An extension of the personal Shringaar or decoration of images and svarupas is the art of building phool banglas, literally entire houses of flowers, in which the deities are then enshrined. This is an art particularly popular during the hot season, the idea being that the flower decorations are cooling and the masses of jasmine buds especially popular for these decorative houses are available in abundance at that time. The conjunction of tiny white flowers strung together into decorations, including even in the actual clothing of the deities, and the celestial fragrance produced by such quantities of jasmine, is beyond the power of mere words to describe.

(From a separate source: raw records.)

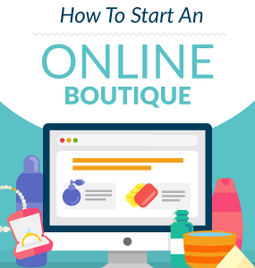 how to start an online boutique
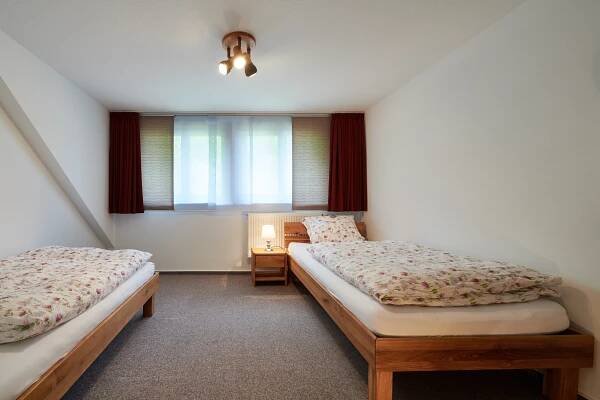Apartment Fuerst - zweites Schlafzimmer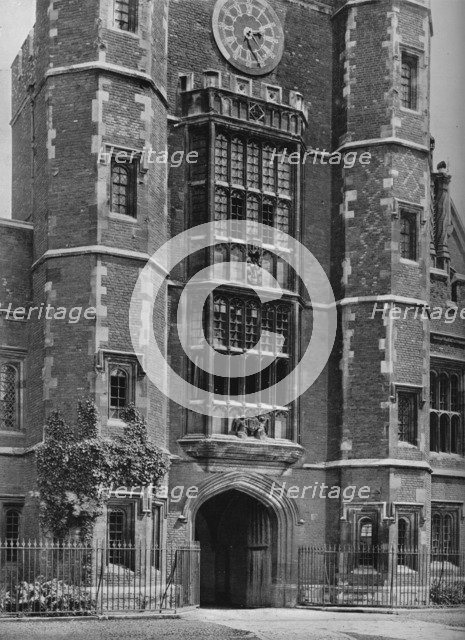'The Entrance to Cloisters Under Lupton's Tower', 1926. Artist: Unknown.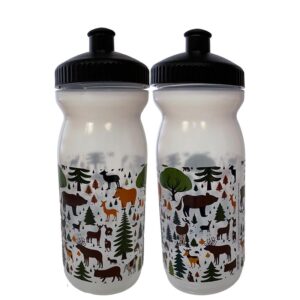 Trinkflasche 600ml BM "Tiere 2"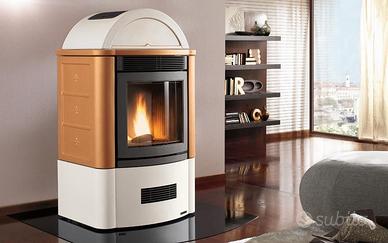 Stufa a pellet Piazzetta Stubotto 04 – 13 kW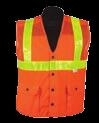 ORALITE ® HIGH VIZ ORANGE MESH VEST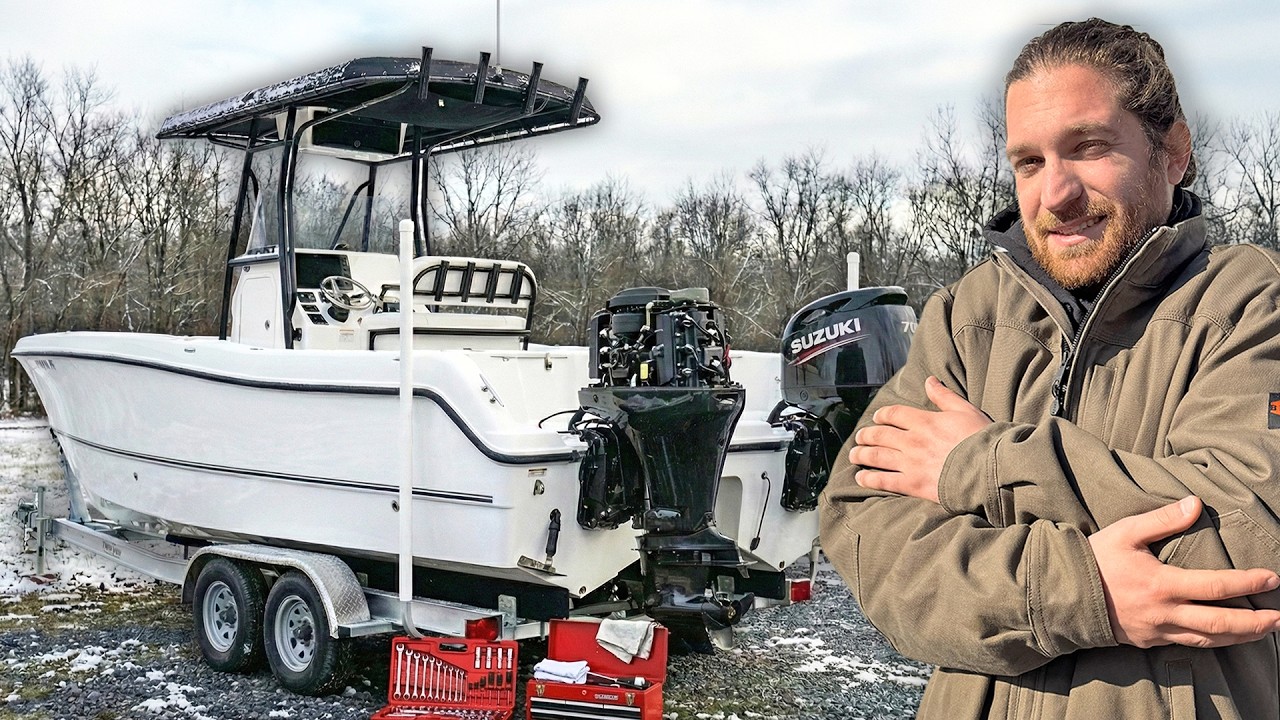 The TRUTH about being a boat mechanic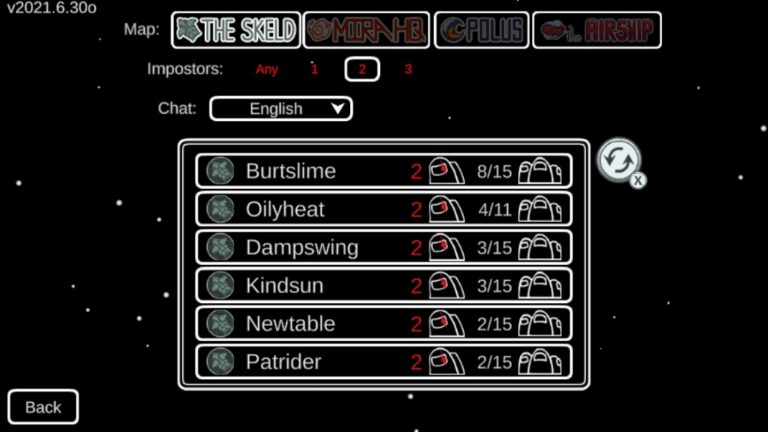 Among Us Latest Updates - 15-Player Lobby, New Tasks & More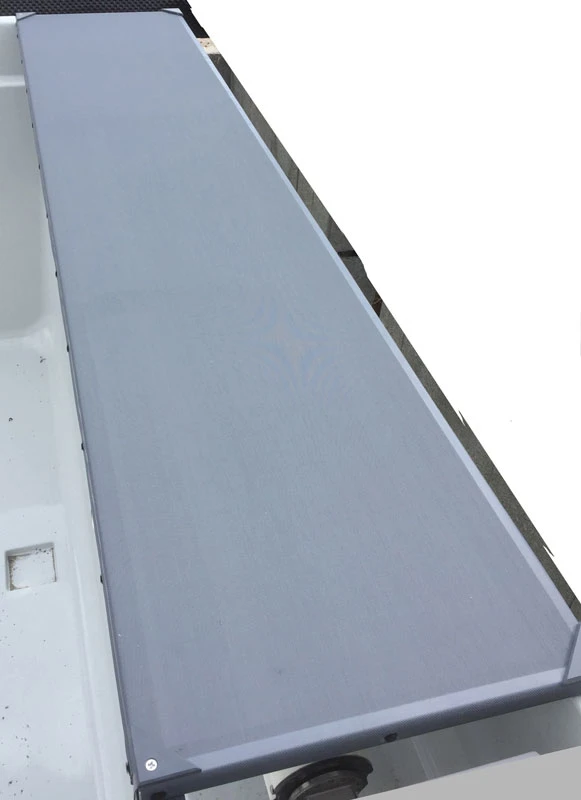 Poolabdeckung PVC Lamellen 800 Grau Inkl. Antrieb Mit Elektromotor 4 Poolabdeckung PVC Lamellen 800 Grau Inkl. Antrieb Mit Elektromotor – Bild 2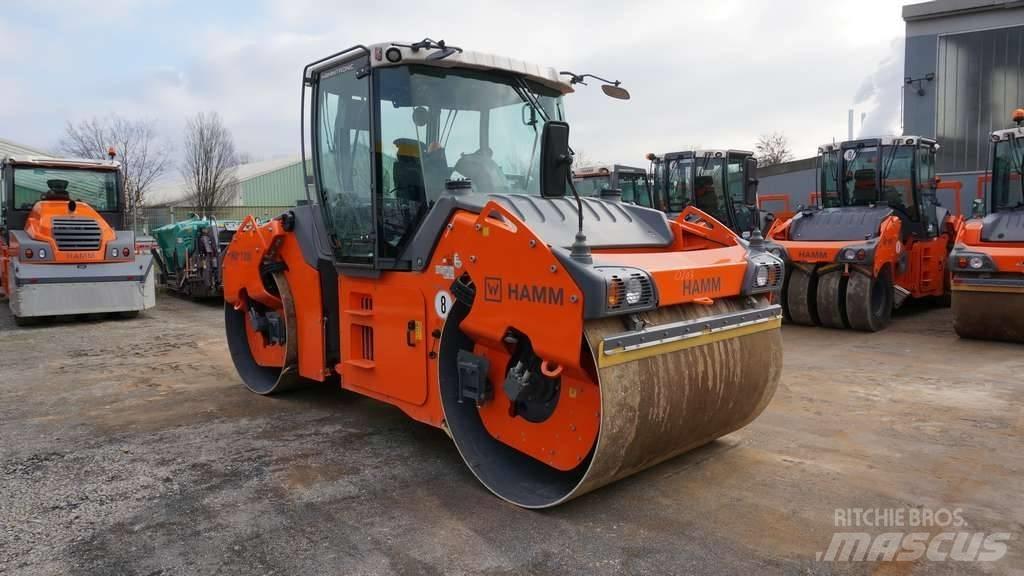 Hamm HD+120iVV Rulli a doppio tamburo
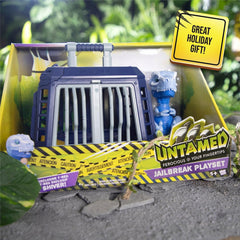 Fingerlings: Jailbreak Playset - Shiver T-rex Toys & Games WowWee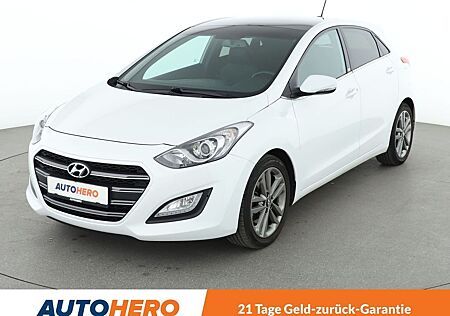 Hyundai i30 1.6 GDI Passion blue*NAVI*CAM*PDC*SHZ*PANO*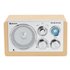 TR-63LW radio Personal Analógica Bamboo, Plata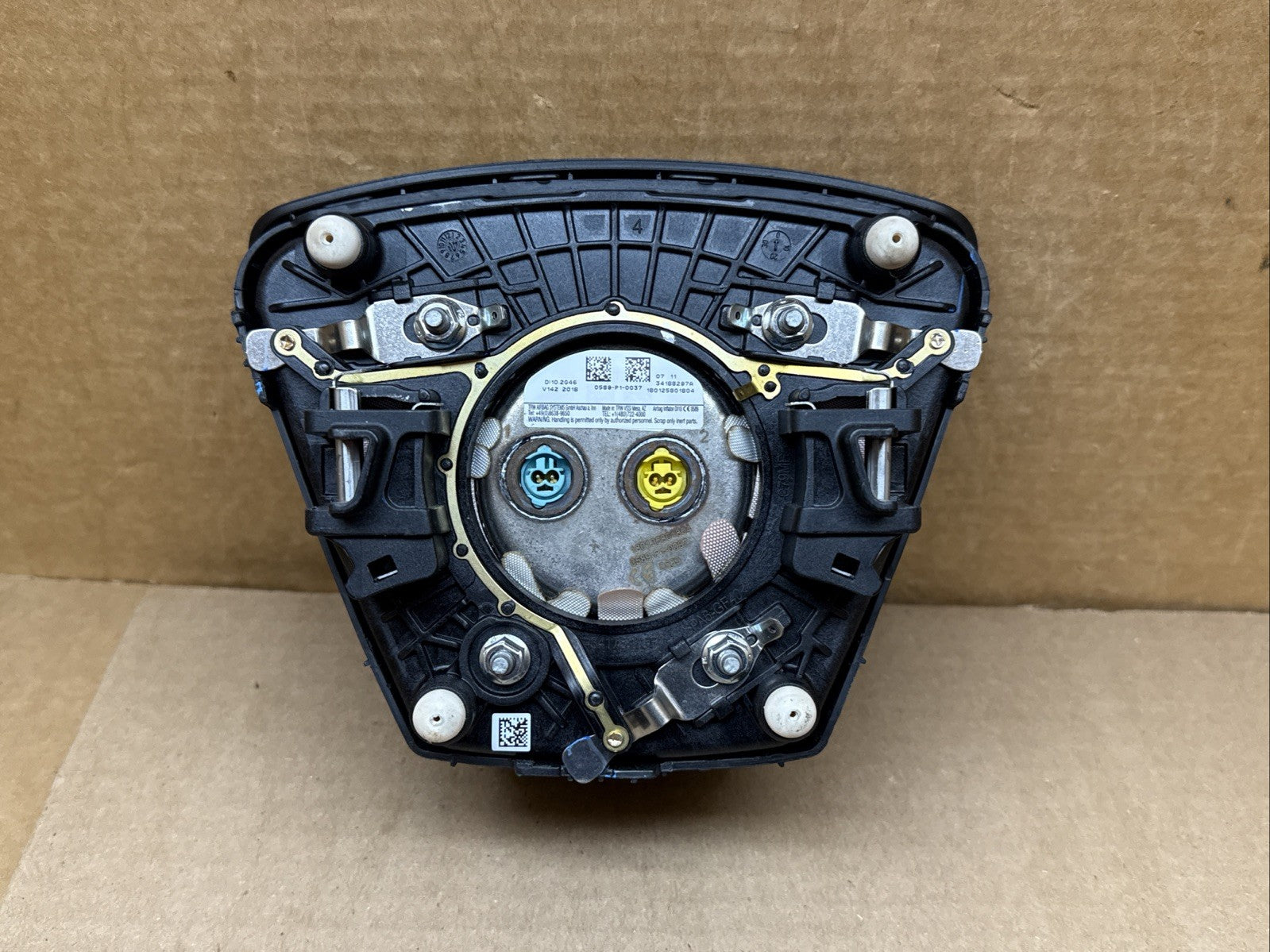 2018 2022 Ford Ecosport Front Left Driver Side Steering Wheel Air Bag Airbag7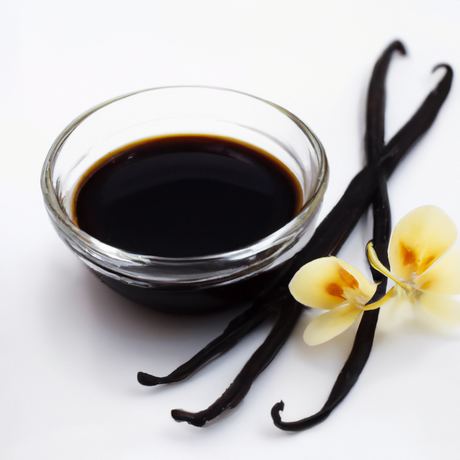 French Vanilla Syrup, Organic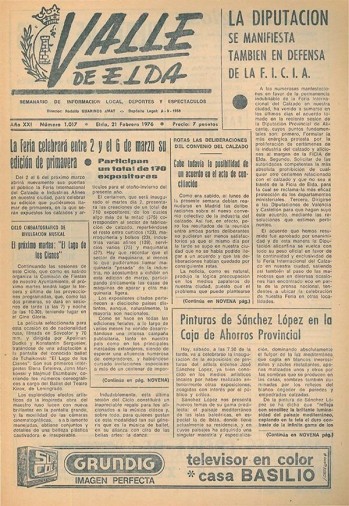 Número 1.017 - 21 de febrero de 1976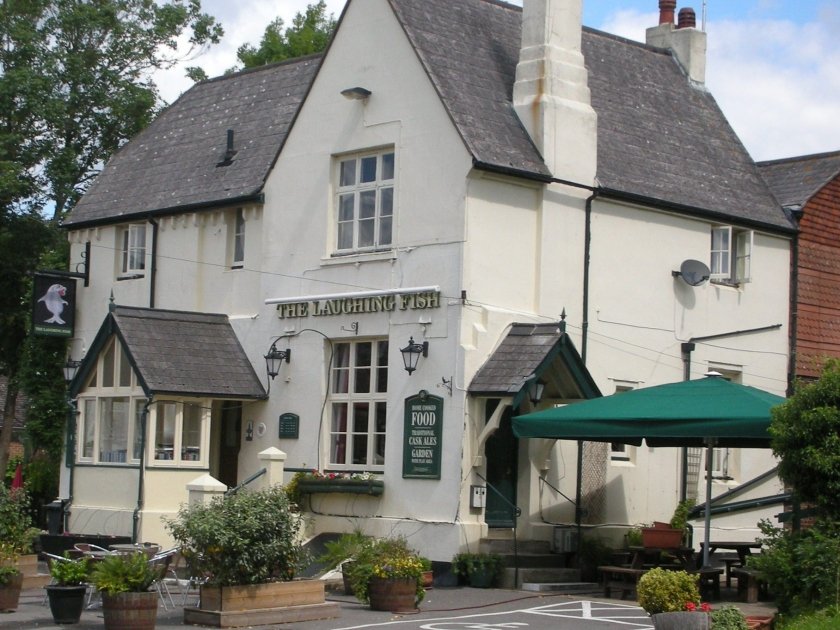The Laughing fish pub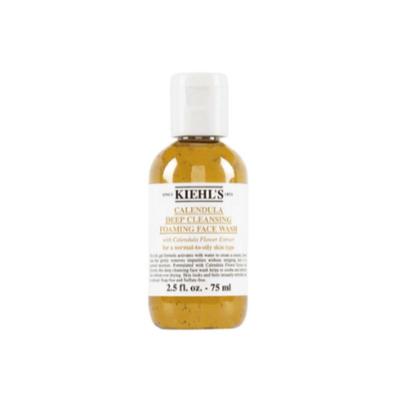 Kiehl’s Nettoyant Moussant Visage Nettoyant Profond au Calendula 75 ml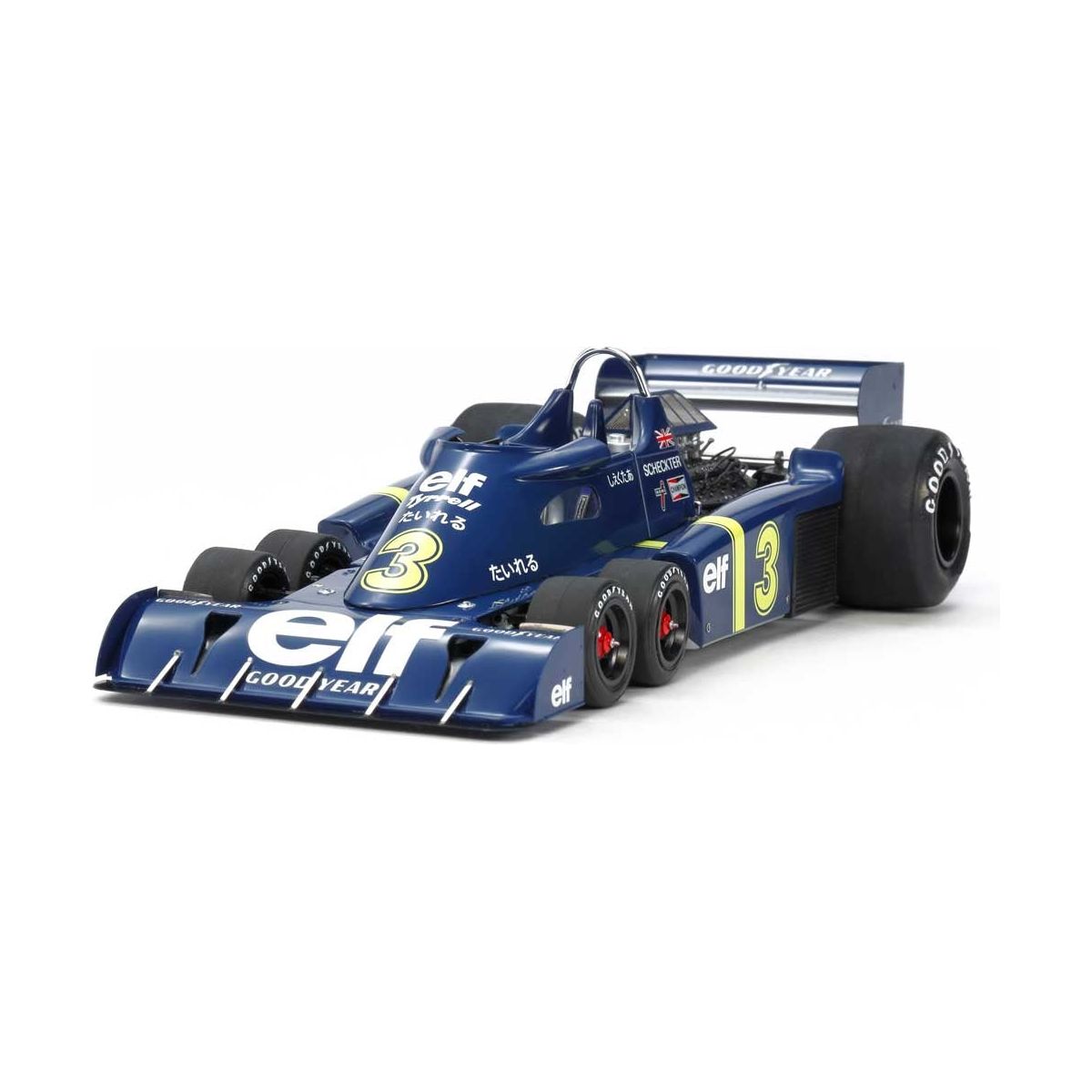 Tamiya Tyrrell P34 Six Wheeler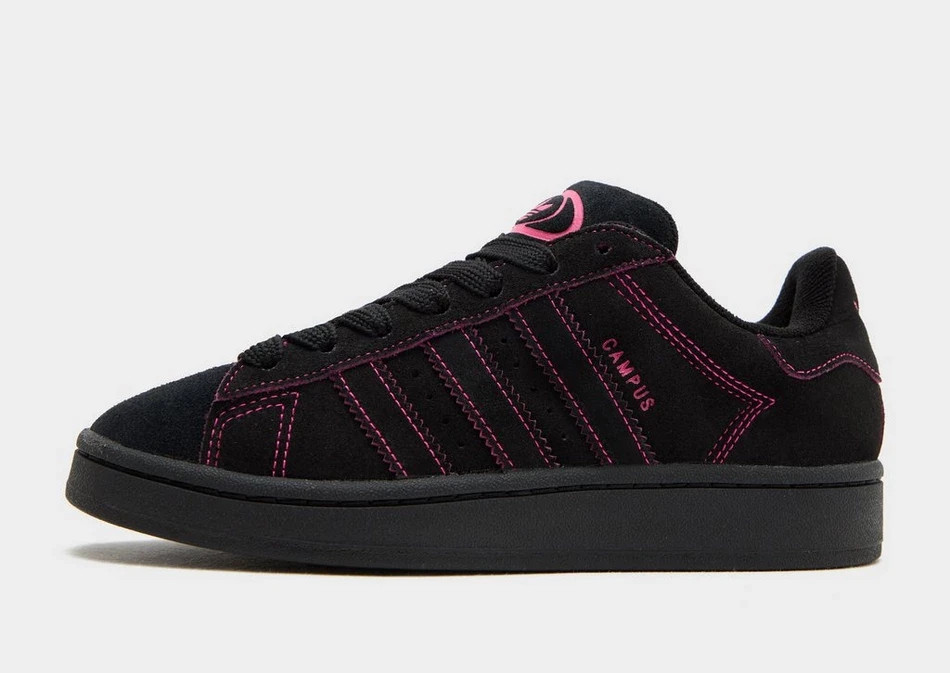 adidas gazelle silver green womens Women's Originals Campus 00s "Core Black True Pink"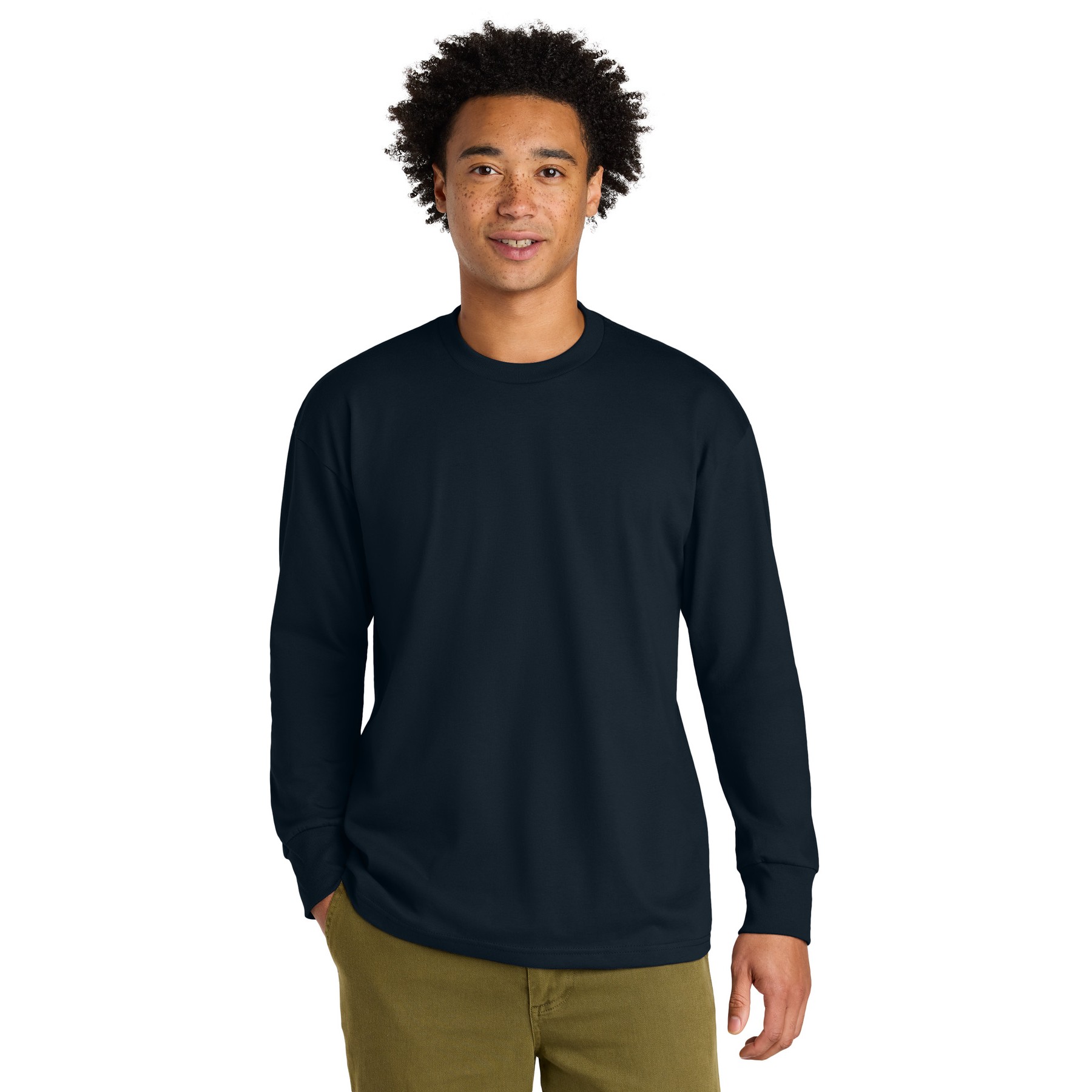 Heavyweight Long Sleeve Tee - Thumbnail Image
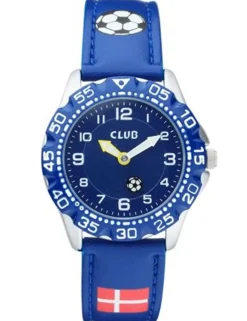 Discount Club A56553-2S8A Børneur, , 30 mm Blue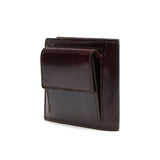 Seni & Kraf Seni dan Kraf Cordovan ACC Billfold Wallet W Coin Purse Bi -Fold Wallet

The typical method of making these decorations is first to string the flowers and then to tie them onto frames fitted with rows of nails. An ancillary art to the making of phool banglas is the cutting of decorative pieces such as parrots, peacocks and other motifs and symbols from the fibrous white pith from the stalk of plantain (banana) trees. Incredibly intricate geometric patterns are produced by the tying of the strings of flowers onto these frames; the cut-outs of plantain stalk are also extremely intricate and show a high degree of artistic skill and dedication. All of the above-mentioned arts and crafts are put to one principal use: the enhancement of the sense of devotion, both in temple worship and in the viewing and enjoyment of the raas lila.

The raas lila may be called the ultimate extension of temple worship into everyday life, with a concomitant pouring of bhakti or devotion into every humdrum activity of the worshipper’s life.

Images

Temple worship in Hinduism presumes a highly developed aesthetic expression. At the heart of the temples are the images, which must be made to strict scriptural standards. Casting of images in brass and other metals is another of the important skills still practiced in Vrindavan.

During the pilgrimage season, in the monsoon months, thousands of pilgrims pass daily through Vrindavan; many will wish to return home with images cast in this holy spot for worship in their homes and personal shrines. Of course, temples, too, rely on this supply if images.

Images are cast not only in metals. For other festive occasions, such as Diwali, the festival of lamps, images such as that of Lakshmi, the goddess of prosperity and abundance, are made in terracotta; many other terra-cotta figures, such as the gods Ganesh and Hanuman, a variety of animals, from horses to elephants, and human figures, such as gopis, are also produced. These images fall under the category of folk arts. Many of them are brightly painted, displaying traditional costumes of the area. Folk arts cross sectarian boundaries, and so the great festival of Sivaratri, the holy night of Siva, also finds its place in Braj. A variety of clay images are produced for this special celebration, to be offered in worship in homes and temples.

All these arts and crafts are part of a timeless heritage. It is so surprise, then, to find that the folk arts are being discovered once again by enterprising visitors to India.

It would be a sad commentary on our mechanized age should they be allowed to die out for lack of sustained and enlightened patronage. But just as our industries are constantly being revamped and improved, so should our arts and crafts gain from the benefits of modern techniques and modern teaching methods as well.

To ensure that such forms of artistic expression do not become lost amidst the contemporary clutter of mass-produced consumer goods, the Braja Kala Gurukula will encourage and promote folk crafts to ensure finer products of the highest human and artistic calibre possible, crafts of which we may continue to be proud.